志方町をゆく(139) 横大路(14)
太鼓堂のある寺(妙正寺)
山門横(東)の建物は「鐘楼かな」と思いました。でも、鐘楼は、山門の西側にあります。住職に確かめてみると、太鼓堂(写真)であるとのことです。
近辺で太鼓堂のある寺は珍しい例です。
この太鼓堂について、礒野道子さん(故人)が『志方郷(13)』に書かれているのでお借りします。(一部省略:文体は変えています)
太鼓堂のある寺
瓦屋根の上に、太鼓を納めたやぐらが聳えています。
一階の入り口から入ると、右側の壁に沿うて、六段程30センチおきに段が打ち付けてあります。これを足がかりにして二階へよじのぼると、思ったより明るい。
「秀吉公ゆかり?」の品と伝えられる太鼓は、その中央に吊り下げています。る。
太鼓の丸い皮の直径は70センチ、胴の丈は85センチもあって堂々としています。
・・・ この太鼓について『印南郡誌』は三通りの説を伝えています。
*『印南郡誌』にあるこれらの説は、どれも怪しいので省かせていただきます。
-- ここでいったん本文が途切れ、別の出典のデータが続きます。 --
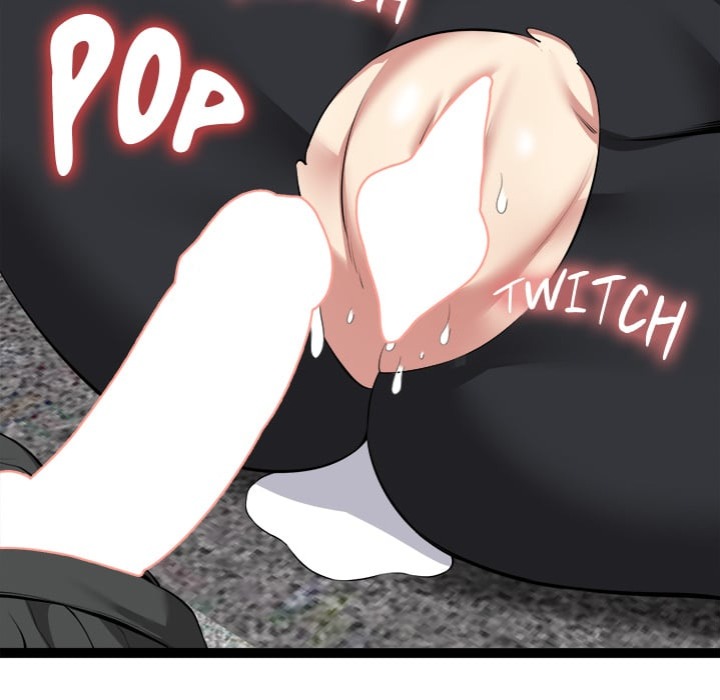 Start Game Chapter 36 - Page 106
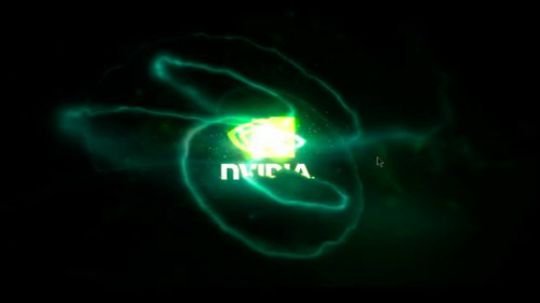 ❤️✨❤️何时重启2020 2020-02-12 21点场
(*は飯沼の注です)
お寺で、お経がはじまるぞ・・・
太鼓堂および鐘の伝承はともかく、太鼓は、戦前まで、次のように用いられていました。
寺の行事、報恩講や永代経が始まる30分前に、先ず太鼓が打ち鳴らされました。
村人は、太鼓の合図で着衣を改め、寺参りの準備をしました。
次に鐘が鳴るとお経が姶まるので、人々は寺へ参ったといいます。
寺の太鼓や鐘の音は時を告げる大切な手段でした。